8. The method of claim 2, wherein a value of the last-scanned coefficient is 2 or −2, and adjusting the value away from zero if adjustment to an odd value is required.

9. The method of claim 1, wherein the specific coefficient has a largest magnitude among the vector of coefficients.

10. The method of claim 9, wherein the largest magnitude occurs in more than one coefficient.

12. The method of claim 1, wherein the set of coding modes is inferred from a sign of a difference between two coefficients.

13. The method of claim 12, wherein the sign is adjusted after the inferring.

14. The method of claim 1, wherein the set of coding modes is inferred in conjunction with a rate-distortion optimized quantization process.

16. The method of claim 1, wherein a cost is used to determine the embedding of information in the coefficients.
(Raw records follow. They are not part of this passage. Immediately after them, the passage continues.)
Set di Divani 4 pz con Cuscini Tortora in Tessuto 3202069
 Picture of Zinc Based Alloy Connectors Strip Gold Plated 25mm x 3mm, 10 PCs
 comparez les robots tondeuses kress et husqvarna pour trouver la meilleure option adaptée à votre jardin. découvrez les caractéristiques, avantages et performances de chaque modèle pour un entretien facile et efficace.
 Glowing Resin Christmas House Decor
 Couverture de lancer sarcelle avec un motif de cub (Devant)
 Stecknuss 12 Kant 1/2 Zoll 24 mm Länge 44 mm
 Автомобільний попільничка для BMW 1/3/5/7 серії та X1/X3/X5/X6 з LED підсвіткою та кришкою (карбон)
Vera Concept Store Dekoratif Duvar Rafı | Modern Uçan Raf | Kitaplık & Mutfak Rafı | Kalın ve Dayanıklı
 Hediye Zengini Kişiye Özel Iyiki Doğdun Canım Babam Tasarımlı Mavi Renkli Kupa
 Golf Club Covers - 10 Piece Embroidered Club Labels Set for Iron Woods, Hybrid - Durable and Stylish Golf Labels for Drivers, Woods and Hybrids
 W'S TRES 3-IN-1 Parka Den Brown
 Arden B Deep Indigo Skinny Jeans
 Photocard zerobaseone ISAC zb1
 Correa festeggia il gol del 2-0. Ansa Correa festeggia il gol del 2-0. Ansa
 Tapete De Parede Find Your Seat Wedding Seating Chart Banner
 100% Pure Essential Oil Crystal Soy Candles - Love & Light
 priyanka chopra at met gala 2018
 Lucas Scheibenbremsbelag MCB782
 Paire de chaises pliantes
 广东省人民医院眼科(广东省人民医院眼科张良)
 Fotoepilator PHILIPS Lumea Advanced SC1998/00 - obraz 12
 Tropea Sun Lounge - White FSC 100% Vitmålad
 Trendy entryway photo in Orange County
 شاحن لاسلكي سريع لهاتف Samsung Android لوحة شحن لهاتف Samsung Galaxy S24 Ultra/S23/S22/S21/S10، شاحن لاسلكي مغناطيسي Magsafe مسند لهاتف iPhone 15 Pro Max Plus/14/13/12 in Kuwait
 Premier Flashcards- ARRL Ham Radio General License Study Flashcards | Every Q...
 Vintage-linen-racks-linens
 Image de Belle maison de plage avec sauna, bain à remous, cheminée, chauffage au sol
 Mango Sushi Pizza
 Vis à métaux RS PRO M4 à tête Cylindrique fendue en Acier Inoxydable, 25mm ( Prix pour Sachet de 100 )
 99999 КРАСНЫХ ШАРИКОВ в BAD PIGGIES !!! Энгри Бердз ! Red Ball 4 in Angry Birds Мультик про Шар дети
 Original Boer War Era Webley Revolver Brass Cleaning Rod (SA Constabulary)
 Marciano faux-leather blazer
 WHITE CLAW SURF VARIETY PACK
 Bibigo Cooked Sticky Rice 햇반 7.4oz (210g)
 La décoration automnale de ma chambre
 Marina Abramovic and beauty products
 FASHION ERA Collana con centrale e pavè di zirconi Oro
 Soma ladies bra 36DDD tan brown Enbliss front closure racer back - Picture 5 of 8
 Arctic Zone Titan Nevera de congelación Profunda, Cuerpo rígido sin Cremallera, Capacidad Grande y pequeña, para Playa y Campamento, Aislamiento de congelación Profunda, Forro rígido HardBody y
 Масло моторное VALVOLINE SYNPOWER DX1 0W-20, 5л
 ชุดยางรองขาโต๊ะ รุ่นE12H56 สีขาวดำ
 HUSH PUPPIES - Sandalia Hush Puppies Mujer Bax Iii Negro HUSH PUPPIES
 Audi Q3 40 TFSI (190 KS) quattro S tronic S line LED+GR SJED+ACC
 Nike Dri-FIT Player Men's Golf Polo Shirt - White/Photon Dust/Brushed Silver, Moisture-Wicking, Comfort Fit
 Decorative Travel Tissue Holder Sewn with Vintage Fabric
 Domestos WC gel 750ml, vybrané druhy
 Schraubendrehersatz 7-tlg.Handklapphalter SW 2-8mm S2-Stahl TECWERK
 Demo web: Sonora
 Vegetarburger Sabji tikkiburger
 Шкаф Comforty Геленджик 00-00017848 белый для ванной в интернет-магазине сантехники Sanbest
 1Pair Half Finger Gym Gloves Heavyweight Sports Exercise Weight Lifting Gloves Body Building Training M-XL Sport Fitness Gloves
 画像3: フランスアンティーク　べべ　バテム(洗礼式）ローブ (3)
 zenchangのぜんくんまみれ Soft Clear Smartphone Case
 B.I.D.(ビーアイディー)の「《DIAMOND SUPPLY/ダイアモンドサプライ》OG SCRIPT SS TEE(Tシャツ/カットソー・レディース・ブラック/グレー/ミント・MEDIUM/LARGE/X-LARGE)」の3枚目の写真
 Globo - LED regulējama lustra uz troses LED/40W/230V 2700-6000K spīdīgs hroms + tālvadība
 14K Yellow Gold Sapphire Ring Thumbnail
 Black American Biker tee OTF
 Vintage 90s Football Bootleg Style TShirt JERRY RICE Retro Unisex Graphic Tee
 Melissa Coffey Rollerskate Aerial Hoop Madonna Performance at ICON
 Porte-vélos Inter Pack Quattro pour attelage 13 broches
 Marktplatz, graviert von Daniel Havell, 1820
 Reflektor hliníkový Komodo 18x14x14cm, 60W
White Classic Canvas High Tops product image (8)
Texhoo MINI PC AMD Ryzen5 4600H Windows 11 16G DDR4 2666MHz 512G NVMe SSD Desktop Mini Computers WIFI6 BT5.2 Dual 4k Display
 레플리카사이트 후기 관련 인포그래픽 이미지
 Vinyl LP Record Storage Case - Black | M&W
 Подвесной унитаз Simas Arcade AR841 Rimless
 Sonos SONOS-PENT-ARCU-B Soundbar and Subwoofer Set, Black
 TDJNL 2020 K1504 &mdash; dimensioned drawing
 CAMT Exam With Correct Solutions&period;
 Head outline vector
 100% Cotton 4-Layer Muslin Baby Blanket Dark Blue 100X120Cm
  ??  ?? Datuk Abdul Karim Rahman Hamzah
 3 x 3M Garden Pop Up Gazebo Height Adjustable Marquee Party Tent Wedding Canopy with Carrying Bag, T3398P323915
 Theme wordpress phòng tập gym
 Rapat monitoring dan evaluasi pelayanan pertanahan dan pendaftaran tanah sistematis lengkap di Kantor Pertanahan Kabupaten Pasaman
17. The method of claim 1, wherein the set of coding modes is inferred from a number of consecutive nonzero coefficients.

18. The method of claim 1, wherein the set of coding modes is inferred using a function applied to the coefficients.

19. The method of claim 18, wherein the function is pseudo-random.

20. The method of claim 1, wherein the set of coding modes is determined by an encoder.

21. The method of claim 1, further comprising:

indicating in a map the locations of the non-zero coefficients.

22. The method of claim 1, further comprising:

indicating in a map the sign of each non-zero coefficient.

23. The method of claim 2, further comprising:

adjusting a value of the specific coefficient away from zero after the inferring.